Data excerpts:

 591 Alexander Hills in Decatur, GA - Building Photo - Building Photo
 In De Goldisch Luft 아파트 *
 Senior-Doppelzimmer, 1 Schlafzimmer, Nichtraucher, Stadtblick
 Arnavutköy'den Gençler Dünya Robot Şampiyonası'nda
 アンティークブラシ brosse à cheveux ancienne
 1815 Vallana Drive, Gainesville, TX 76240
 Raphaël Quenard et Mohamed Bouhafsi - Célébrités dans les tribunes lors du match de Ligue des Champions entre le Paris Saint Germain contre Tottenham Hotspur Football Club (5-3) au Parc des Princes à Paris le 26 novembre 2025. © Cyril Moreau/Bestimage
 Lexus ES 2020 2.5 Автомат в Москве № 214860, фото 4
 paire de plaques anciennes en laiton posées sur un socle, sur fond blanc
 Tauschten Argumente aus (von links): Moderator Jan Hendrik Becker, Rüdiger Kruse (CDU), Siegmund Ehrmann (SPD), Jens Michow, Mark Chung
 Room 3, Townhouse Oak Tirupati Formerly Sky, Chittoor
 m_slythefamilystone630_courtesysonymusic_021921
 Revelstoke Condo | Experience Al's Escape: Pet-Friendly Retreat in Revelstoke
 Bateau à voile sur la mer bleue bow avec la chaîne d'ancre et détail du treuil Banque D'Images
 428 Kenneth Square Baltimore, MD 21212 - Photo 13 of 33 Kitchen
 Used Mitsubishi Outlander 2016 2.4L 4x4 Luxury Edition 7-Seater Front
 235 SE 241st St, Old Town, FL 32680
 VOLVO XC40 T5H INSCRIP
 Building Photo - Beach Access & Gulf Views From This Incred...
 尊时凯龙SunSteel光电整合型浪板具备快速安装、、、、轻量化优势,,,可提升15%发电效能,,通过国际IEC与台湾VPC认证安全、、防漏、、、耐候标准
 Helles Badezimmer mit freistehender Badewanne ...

Exercise:
Repeat the data above starting at the line with "Tauschten Argumente aus" and ending at its last line, exactly, with no other lines.

Result of the task:
 Tauschten Argumente aus (von links): Moderator Jan Hendrik Becker, Rüdiger Kruse (CDU), Siegmund Ehrmann (SPD), Jens Michow, Mark Chung
 Room 3, Townhouse Oak Tirupati Formerly Sky, Chittoor
 m_slythefamilystone630_courtesysonymusic_021921
 Revelstoke Condo | Experience Al's Escape: Pet-Friendly Retreat in Revelstoke
 Bateau à voile sur la mer bleue bow avec la chaîne d'ancre et détail du treuil Banque D'Images
 428 Kenneth Square Baltimore, MD 21212 - Photo 13 of 33 Kitchen
 Used Mitsubishi Outlander 2016 2.4L 4x4 Luxury Edition 7-Seater Front
 235 SE 241st St, Old Town, FL 32680
 VOLVO XC40 T5H INSCRIP
 Building Photo - Beach Access & Gulf Views From This Incred...
 尊时凯龙SunSteel光电整合型浪板具备快速安装、、、、轻量化优势,,,可提升15%发电效能,,通过国际IEC与台湾VPC认证安全、、防漏、、、耐候标准
 Helles Badezimmer mit freistehender Badewanne ...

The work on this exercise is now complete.